An upcoming protocol P proposal is currently in preparation, and will include a revised version of Adaptive Issuance. One of the envisioned changes concerns progressively adjusting the minimum and maximum issuance bounds over time. We believe this change would provide a smoother transition from the current issuance model, when compared to the fixed bounds proposed in the original design.
The team would like to share the design of the progressive min-max for the Adaptive Issuance curve:
We were happy with the Oxford 1 version of the adaptive issuance, and we’re just as happy with this one, as it’s similar but more progressive, which can’t be a bad thing.
Our only concern is: won’t this progressive approach make it much harder to test? Oxford 1 was partly penalized by bugs, so a certain vigilance is necessary to avoid encountering such a situation again.

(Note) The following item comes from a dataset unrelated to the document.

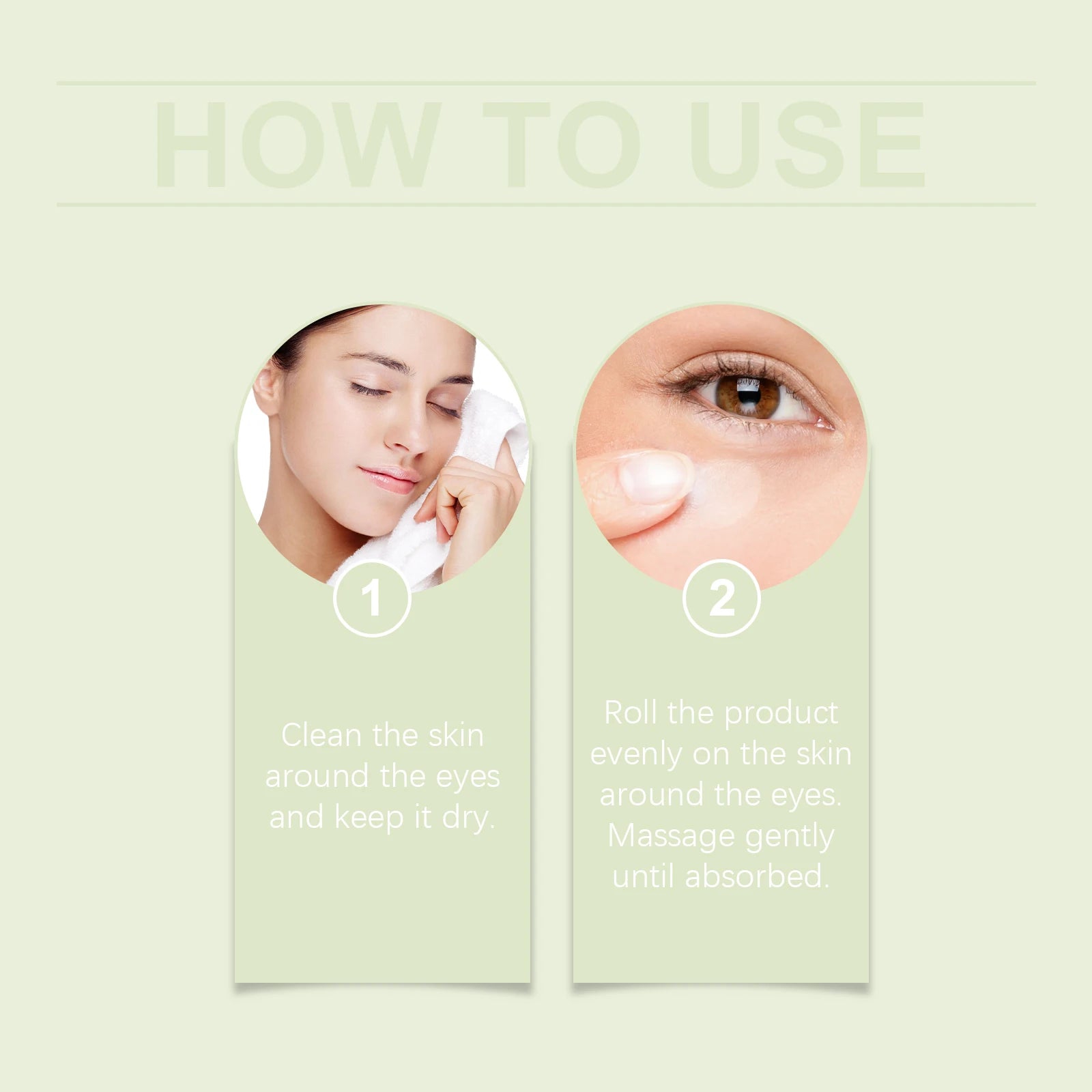 Collagen Eye Serum Roller – Anti-Puffiness, Dark Circles & Fine Lines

Thank you for your feedback on our proposal!
We completely understand your concern about the potential challenges in testing. Rest assured, we share your commitment to maintaining the chain safety. Our team has been proactive in addressing this concern. Since the Oxford release, we have implemented the testing framework for the staking mechanism (previously planned for the lifetime of Oxford) for the code inactive before per-block voting for Adaptive Issuance activation. The progressive min max update to the curve was not that complicated to add. Besides, our implementation is under feature-flag guaranteeing that it will be proposed only once we have successfully run all the tests that we have thought about.